Submitting invisible forms and planting cookies without user knowledge or permission is a known abuse case involving four companies, including Google’s Safari snafu. The sites implicated are ones that suppress an invisible form that obtains information without user knowledge and submits the form without any user interaction using embedded scripts. Google’s response was that it was looking for a way to use social networking to share user information, but that the application’s engineers got it wrong when it came to Apple’s Safari browser settings.

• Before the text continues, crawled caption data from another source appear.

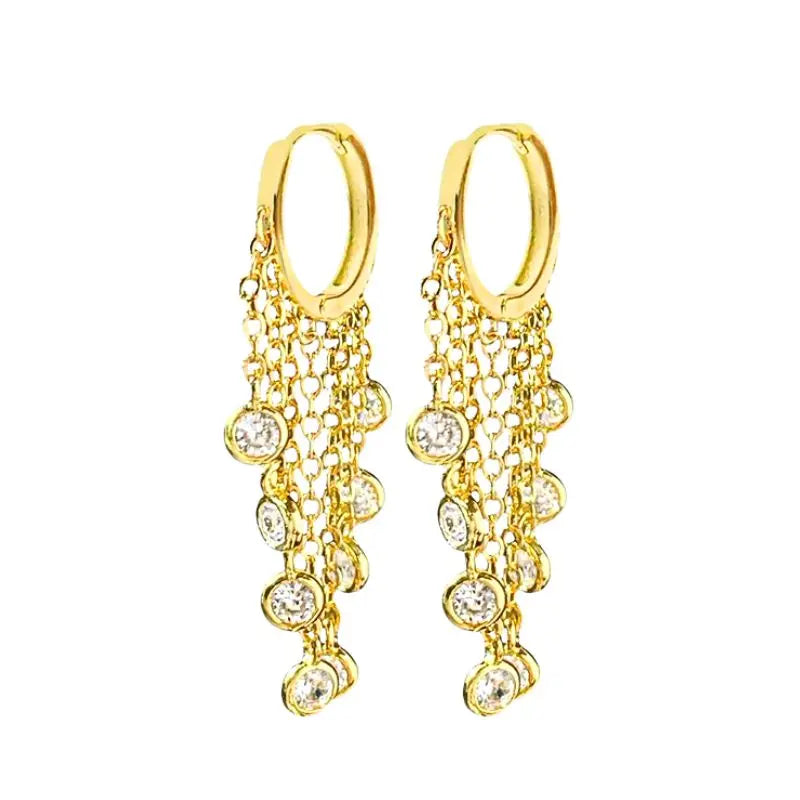 925 Sterling Silver Needle Long Chain Stud Earrings For Women Exquisite Zircon Geometric Tassel Pendant Earrings Luxury Jewelry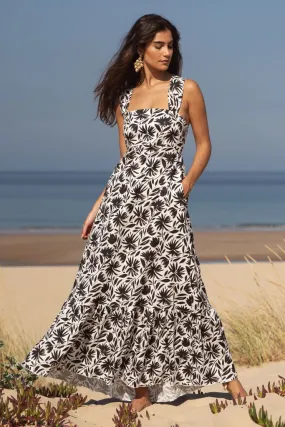 Vestido Buzios Flowers Black Linho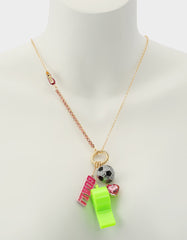 SOCCER CHARM LONG PENDANT NECKLACE PINK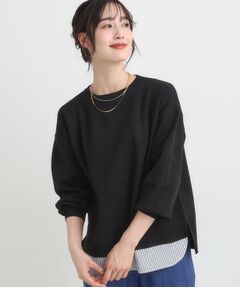 SHOO・LA・RUE / シューラルー ニット・セーター | 【S-LL/洗える】一枚で簡単こなれ見え スポンディッシュ 裾レイヤード風ニット【CIRCRIC】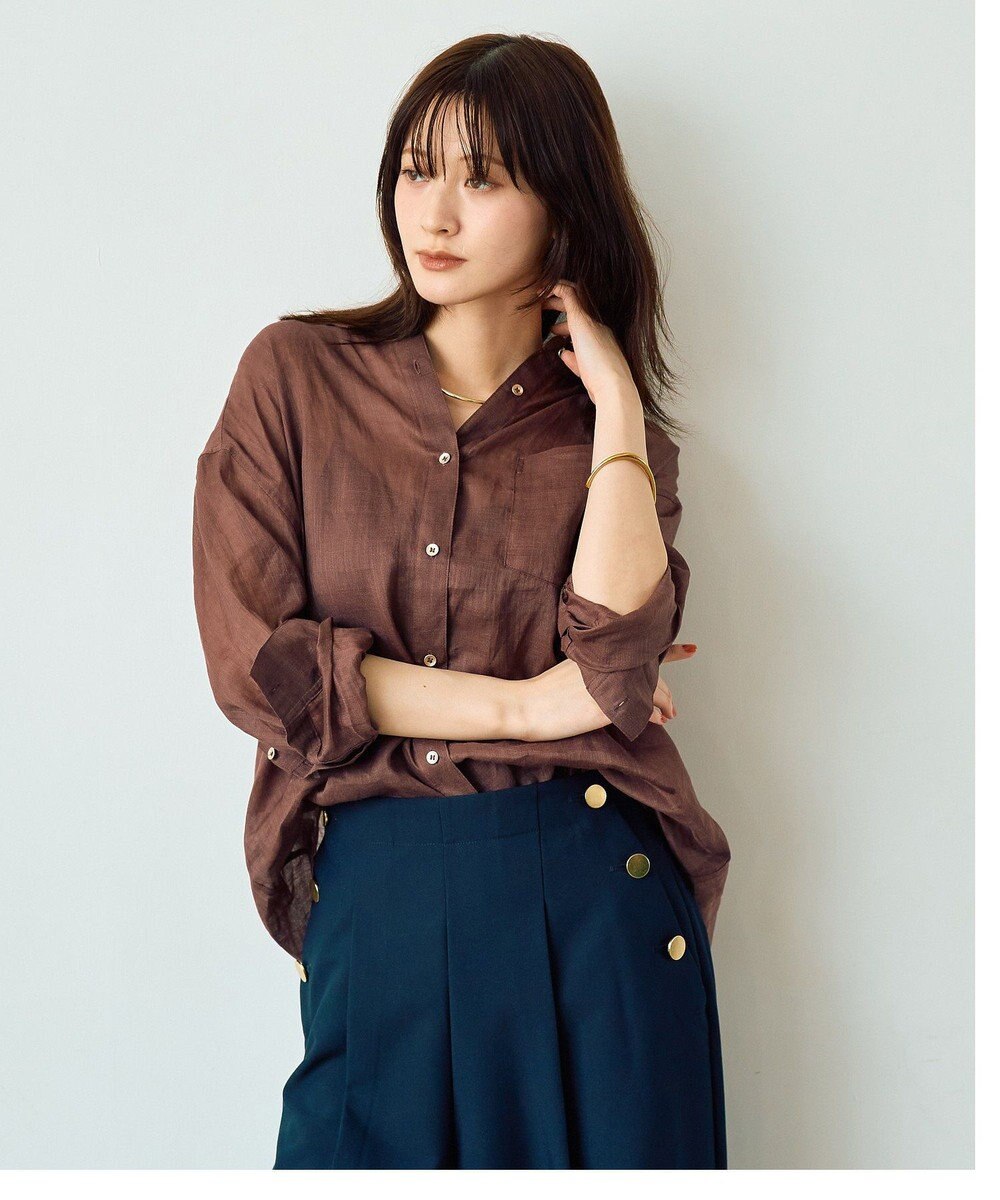 YECCA VECCA 3wayシアーリネンシャツ 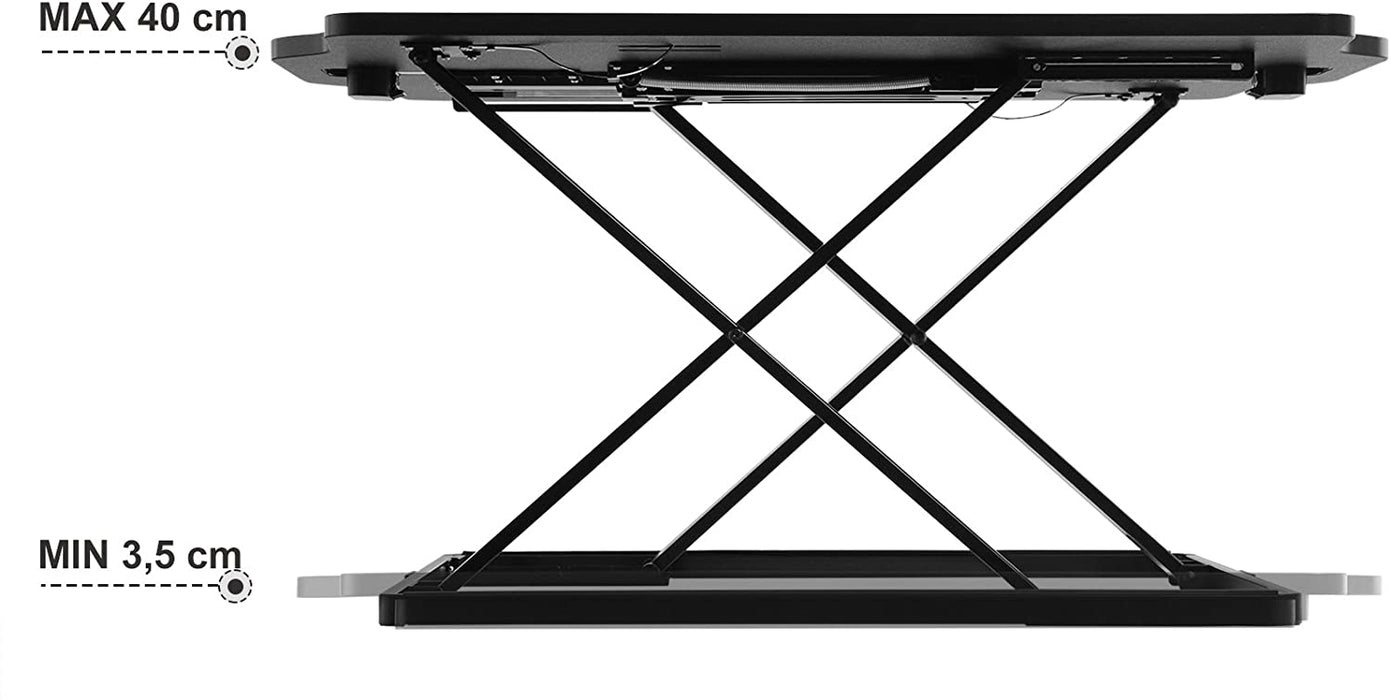 Nancy's Conroy Laptoptafel - Monitorstandaard - Zit-Sta Bureau - Hoogte Verstelbaar - Zwart - Bewerkt Hout - Metaal - 79.5 x 54 cm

“Tricking” the privacy protections

There appears to be a lengthy record of companies “tricking” users’ and Internet browsers’ built-in privacy protections. Lorrie Faith Cranor, the Computer Science professor who specializes in usable privacy and security issues at Carnegie Mellon University stated recently on NPR’s Morning Edition, “There are a large number of companies that have been circumventing Internet Explorer’s privacy protections for a long time.” A 2010 analysis that Cranor conducted found that from an evaluation of the compact policies (CPs) of 33,139 websites that over 11,000 company websites had been found that manipulated privacy settings on Internet browsers through the misuse of P3P CP tokens.

While it is clear that users need to understand their own responsibility with respect to privacy policies of the websites they visit, it is essentially the companies that should be held accountable for clearly stating their privacy policies and making them transparent to the user. Today we have cookies and tokens; yet, newer technologies such as web bugs including beacons, pixel tags, tracking pixels, and clear gif are making online tracking more advanced and lasting.

Jonathan Mayer is working toward creating a “Do Not Track” list of companies that would be blocked from tracking your browsing. In essence, all an online user would have to do is make one click to tell websites that they do not want to be tracked, and then the Internet browser would handle the settings. The Digital Advertising Alliance, of which Google is a member, also supports and has agreed to adopt Mayer’s “Do Not Track” technology, and has even launched a consumer education campaign to promote their “AdChoices” effort. However, the exact detail of how this deal pans out for Internet users has not been sifted out just yet, especially since networking giants such as Facebook and Twitter are not getting on the “Do Not Track” bandwagon.

Will the digital “Posted” sign actually mean anything to Internet users? Will companies respect the user’s actual privacy, or will there continue to be an illusion of privacy? And who are the “victims” supposed to call or report to when companies infringe on their privacy settings? Will users even know when a company has encroached upon their privacy settings?

As a web developer does your company or organization utilize tracking technologies? If you answered yes, what information and data about user interaction is important to your company? And how does this tracking information influence your website design?